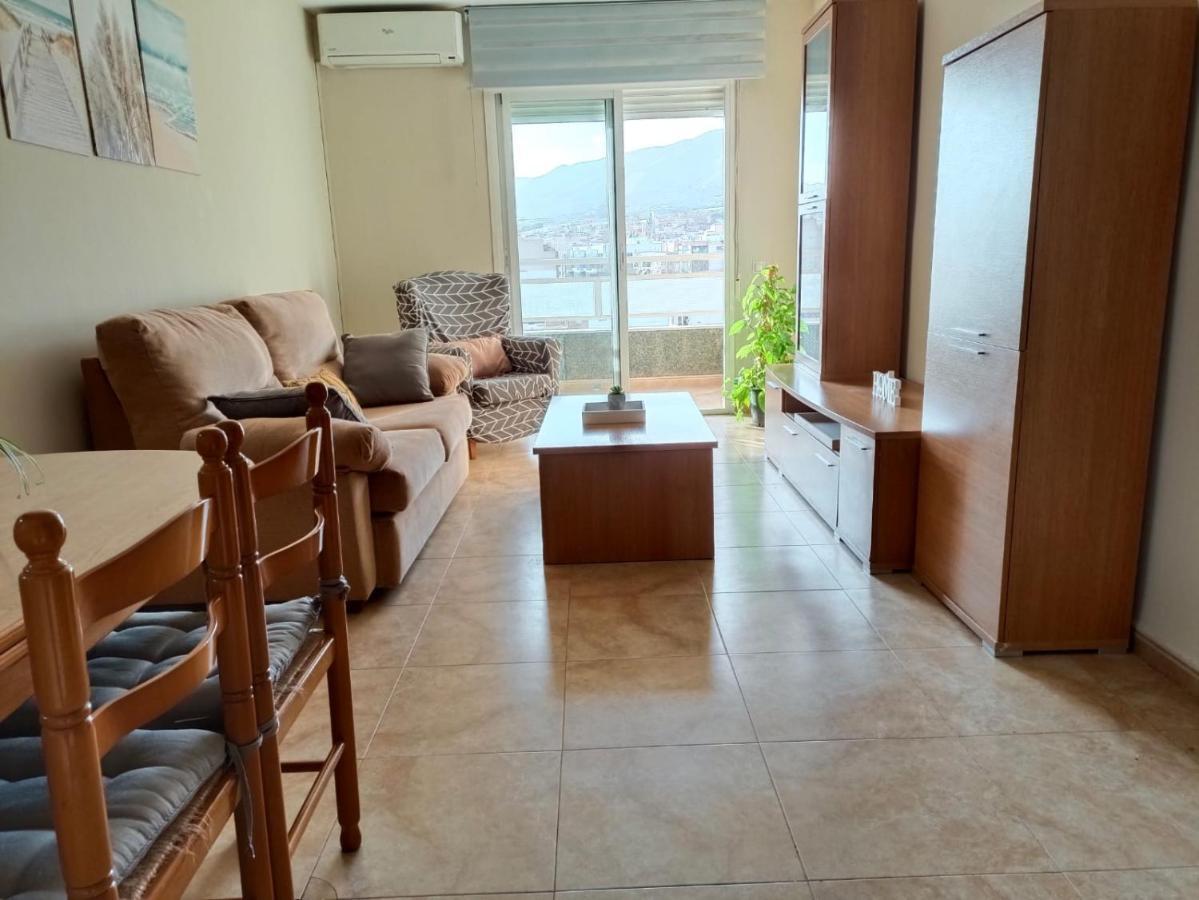 Apartamento Entero Rosa Adra Exteriör bild
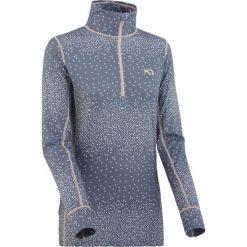Kari Traa T-Shirt Damski Meteor H/Z Jeans L. Koszulki damskie termoaktywne Kari Traa. W wyprzedaży za 133,00 zł.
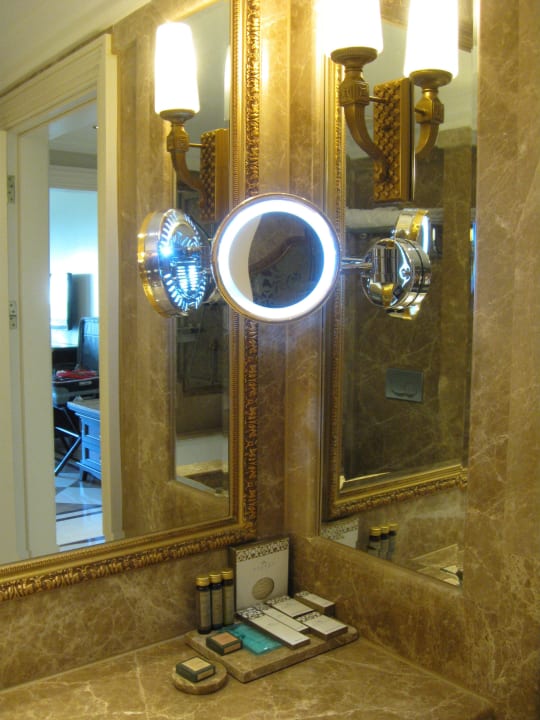 Badezimmer 732 Ali Bey Resort Sorgun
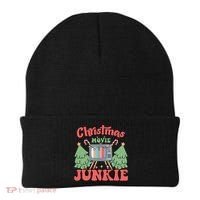 Christmas Movie Junkie Beanie thumb 0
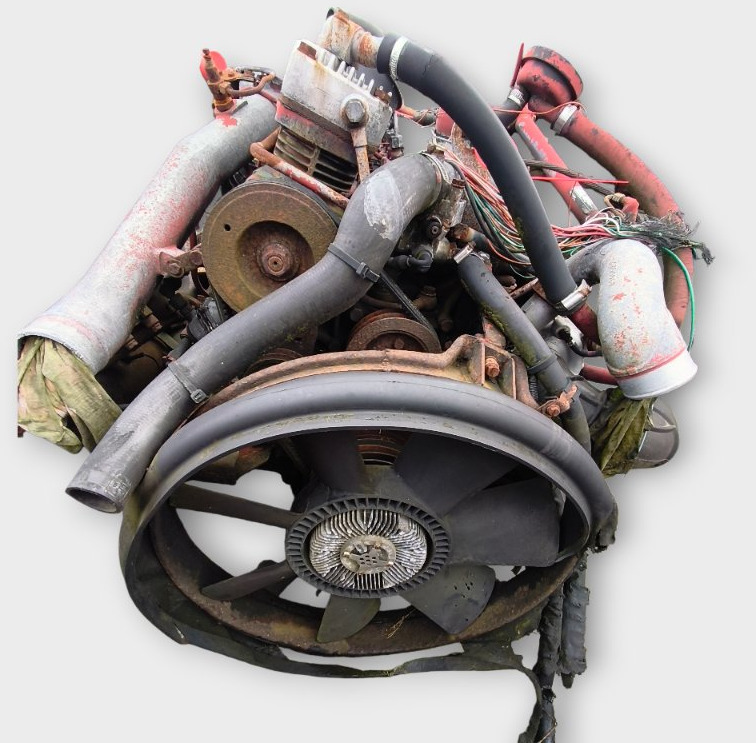 Двигатель IVECO 1999 806045B EUROCARGO 8060.45B - Двигатель: фото 1 Двигатель IVECO 1999 806045B EUROCARGO 8060.45B - Двигатель: фото 1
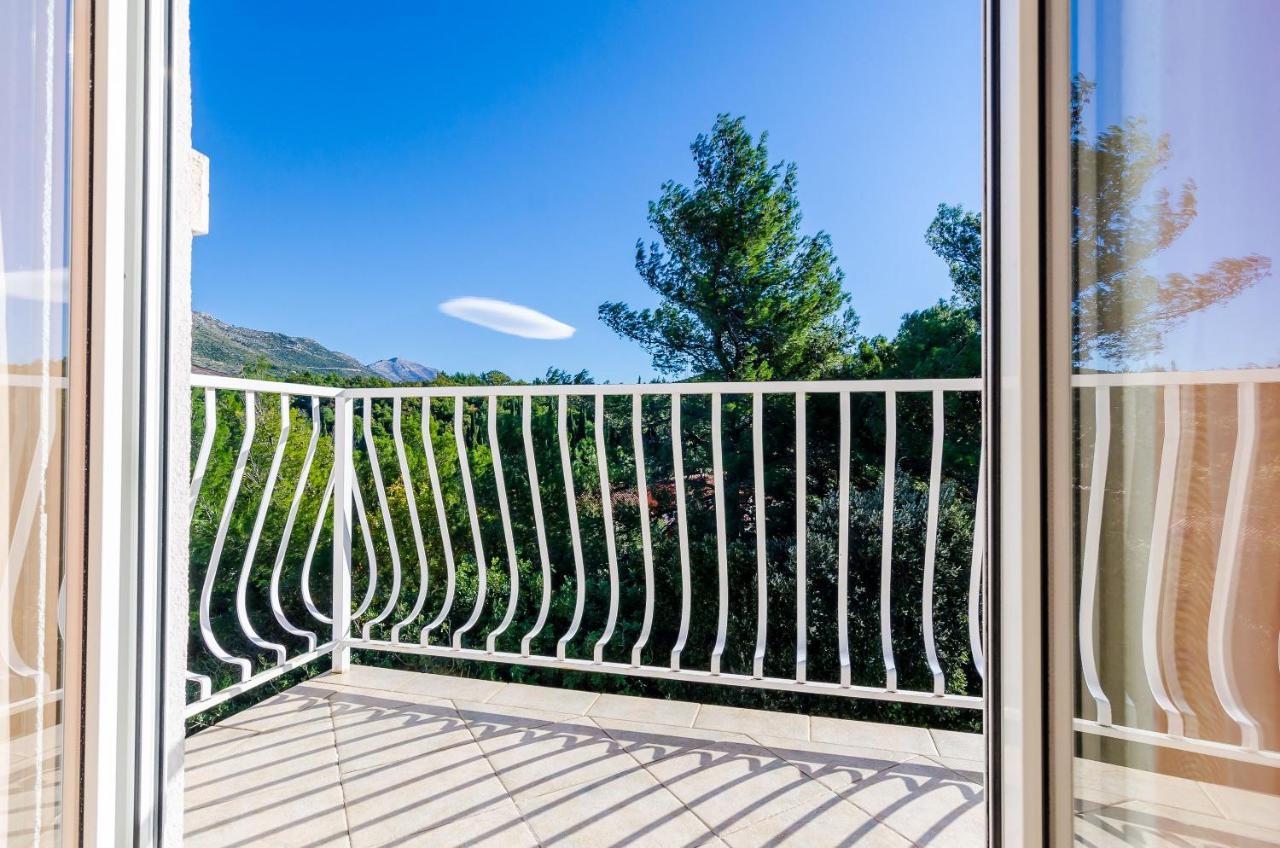 קאבטאט Apartments Zrno מראה חיצוני תמונה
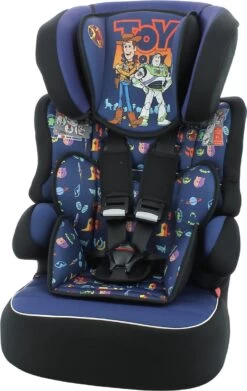 Disney - Autostoel BELINE Luxe - Groep 1/2/3 - Van 9 Tot 36 Kg - PRINCES -Winkel voor babyproducten 759x1200 2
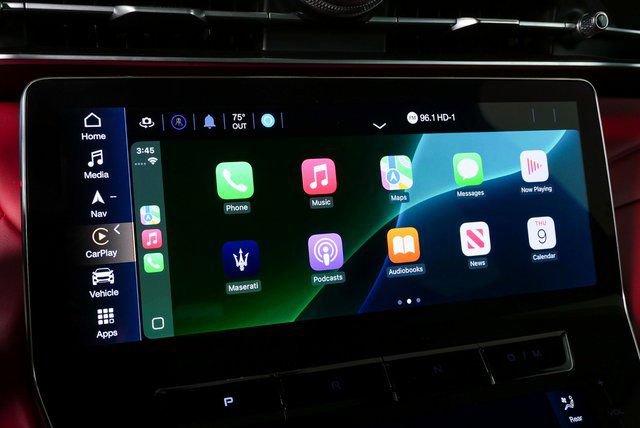 Used 2023 Maserati Grecale Modena image 6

• HOW TO COMPLETE THIS TASK: Images are to be left out when the records above are written out again exactly.

• OUTPUT OF THE EXERCISE:
 Apartamento Entero Rosa Adra Exteriör bild
Kari Traa T-Shirt Damski Meteor H/Z Jeans L. Koszulki damskie termoaktywne Kari Traa. W wyprzedaży za 133,00 zł.
 Badezimmer 732 Ali Bey Resort Sorgun
 Christmas Movie Junkie Beanie thumb 0
 Двигатель IVECO 1999 806045B EUROCARGO 8060.45B - Двигатель: фото 1 Двигатель IVECO 1999 806045B EUROCARGO 8060.45B - Двигатель: фото 1
 קאבטאט Apartments Zrno מראה חיצוני תמונה
 Disney - Autostoel BELINE Luxe - Groep 1/2/3 - Van 9 Tot 36 Kg - PRINCES -Winkel voor babyproducten 759x1200 2
 Used 2023 Maserati Grecale Modena image 6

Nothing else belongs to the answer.